◆ **Aim of the task**
Only the lines from the one that contains "Narrow road with" through the last line of the data below should be duplicated, exactly and without pictures.

Start of Provided records

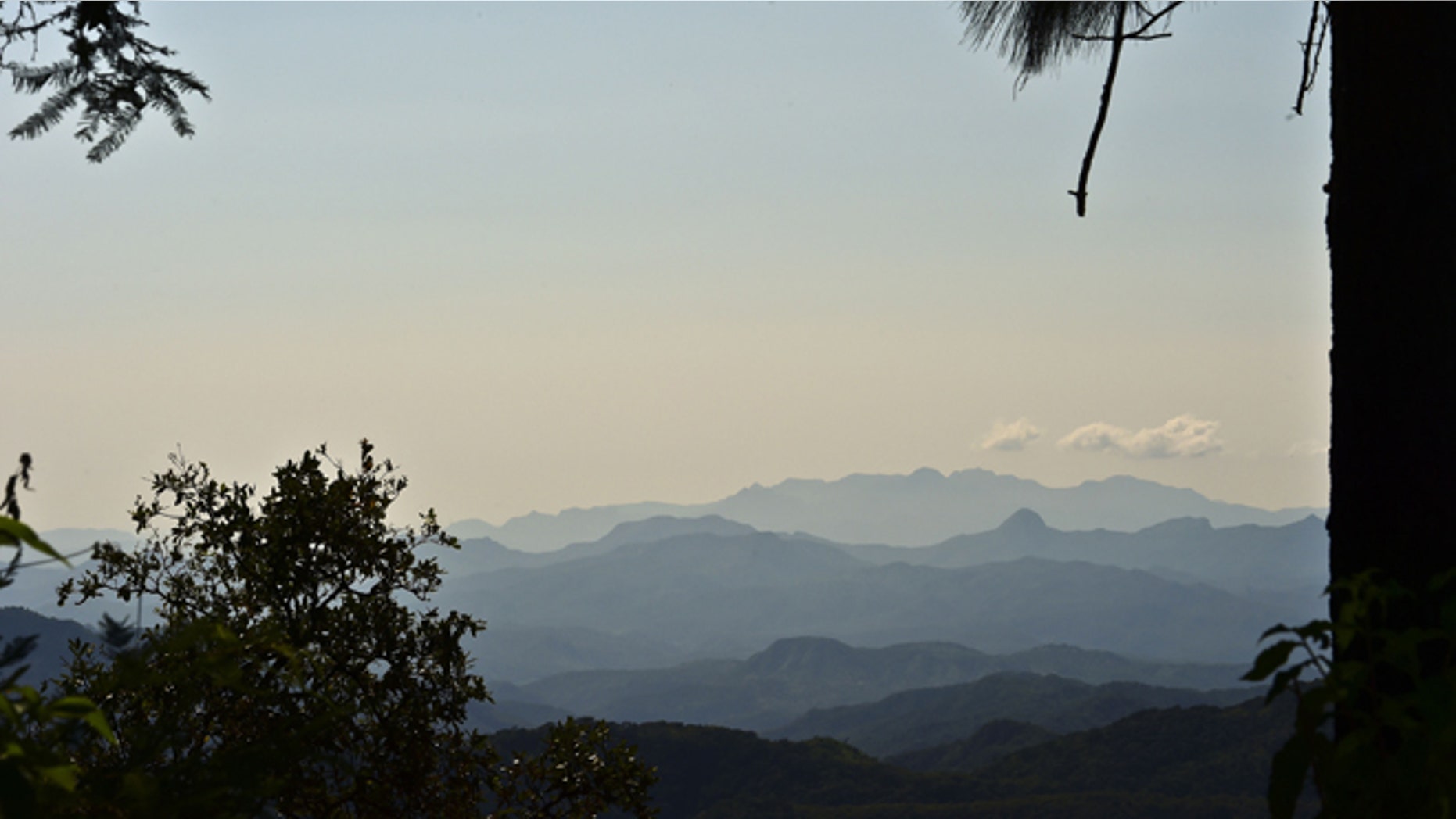 Picture taken at Mexico's Sierra Madre Occidental mountain range -- the bastion of Joaquin "El Chapo" Guzman's Sinaloa drug cartel -- near El Limon, in Durango State, on October 18, 2015. Bullet holes on roofs, charred cars and deserted villages were left in the wake of a military operation to catch fugitive drug baron Joaquin "El Chapo" Guzman in northwest Mexico. AFP PHOTO / RONALDO SCHEMIDT (Photo credit should read RONALDO SCHEMIDT/AFP/Getty Images)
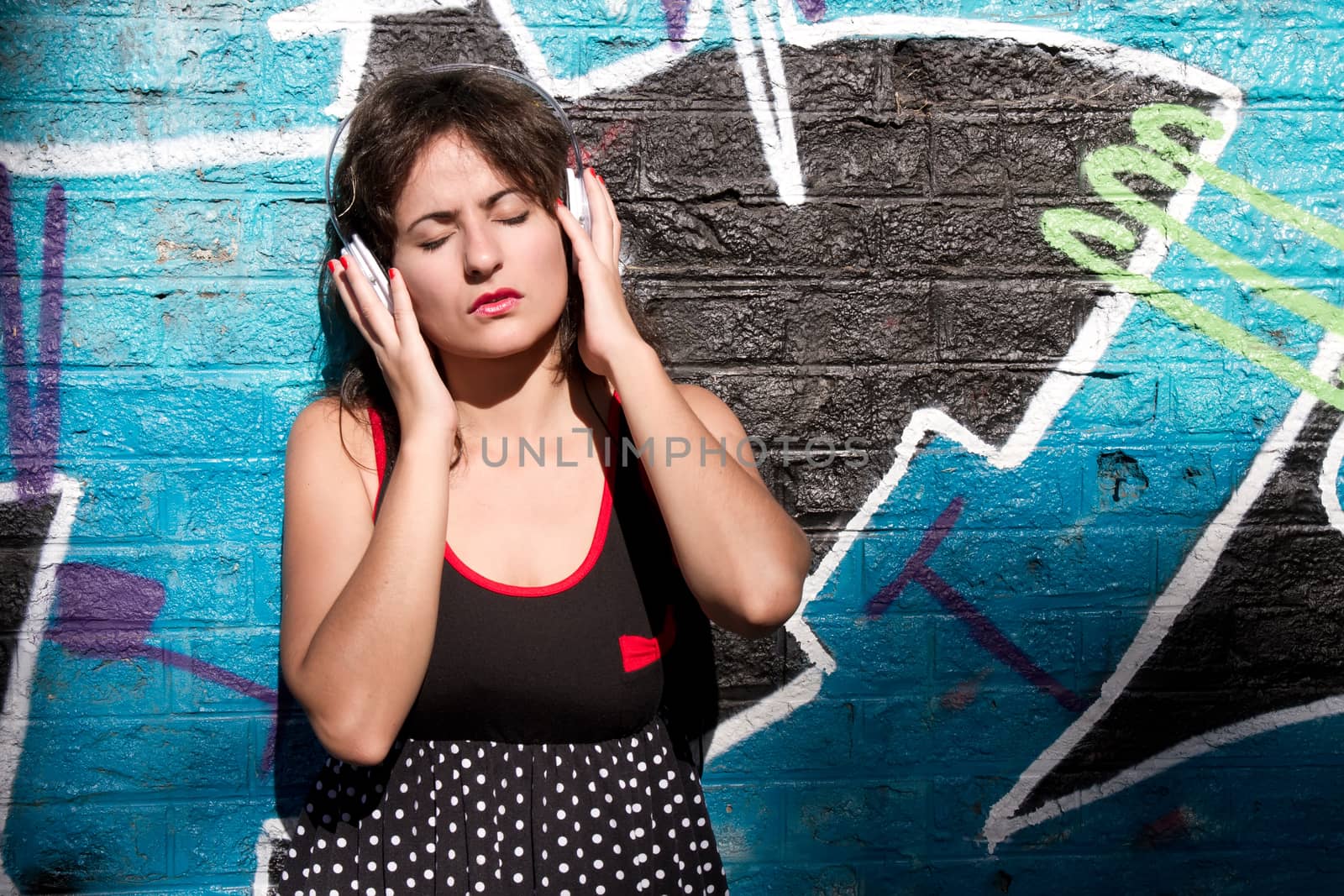 A vintage dressed girl listing to music in a urban environment.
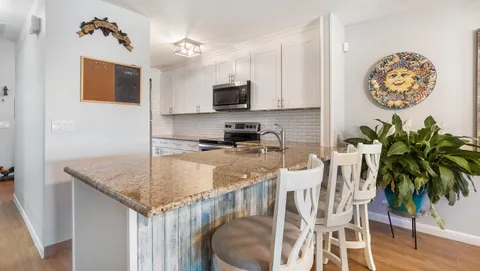 a kitchen with stainless steel appliances granite countertop a stove top oven a sink a dining table and chairs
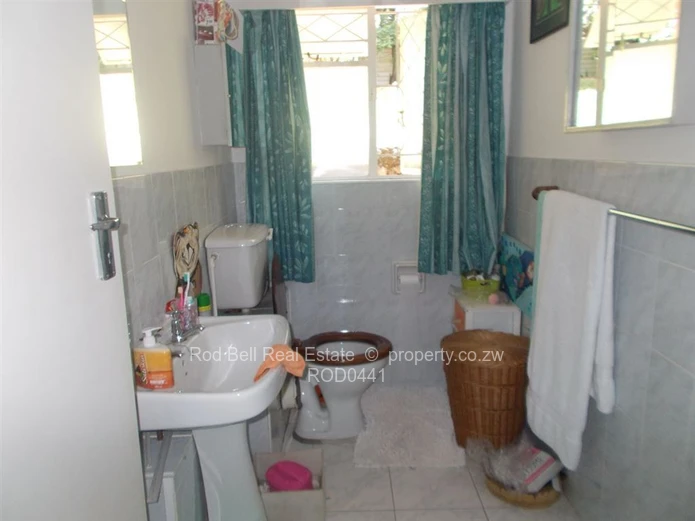 This property offers 2 homes and is set amongst stunning msasa trees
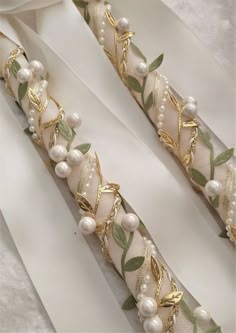 two pieces of ribbon with pearls and leaves on them, one is white and the other is gold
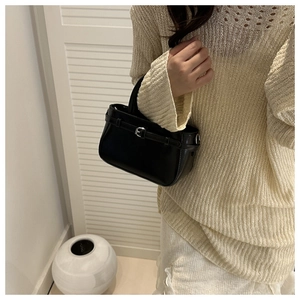 Détail d'un sac bandoulière en cuir noir minimaliste avec fine boucle métallique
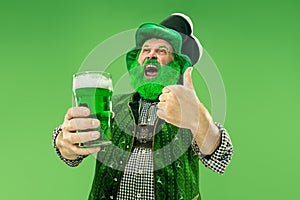 A man in a leprechaun hat at studio. He celebrates St. Patrick`s Day.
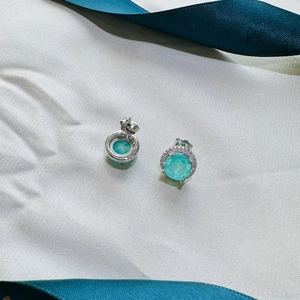 925 silver stud earrings featuring round paraiba synthetic gems with halo diamond accents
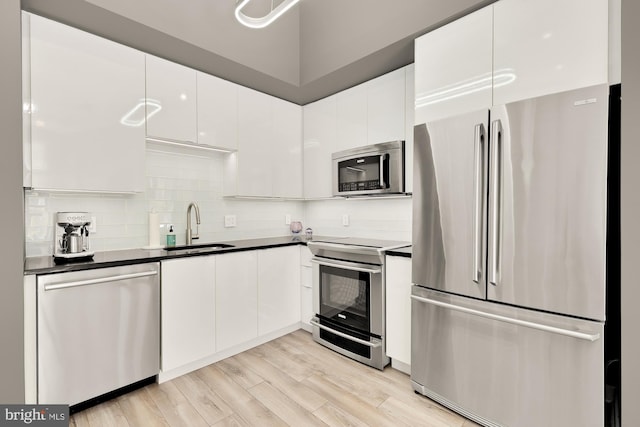 kitchen featuring dark countertops, appliances with stainless steel finishes, white cabinetry, and a sink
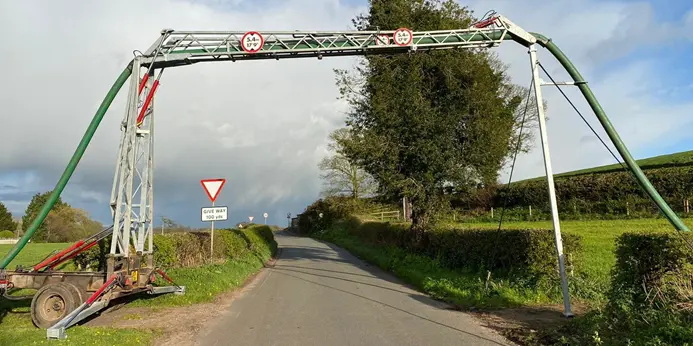 Narrow road with farm irrigation equipment overhead.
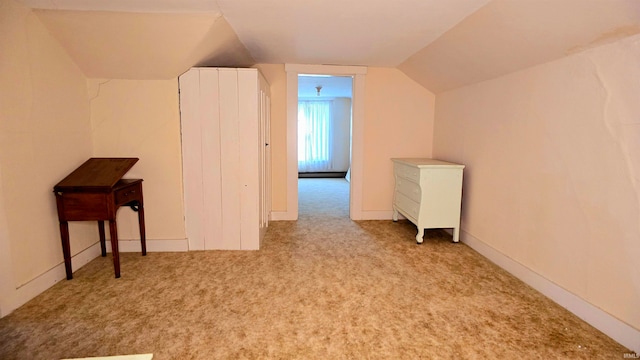 bonus room featuring lofted ceiling and light carpet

End of Provided records

◆ **Task response**
 Narrow road with farm irrigation equipment overhead.
 bonus room featuring lofted ceiling and light carpet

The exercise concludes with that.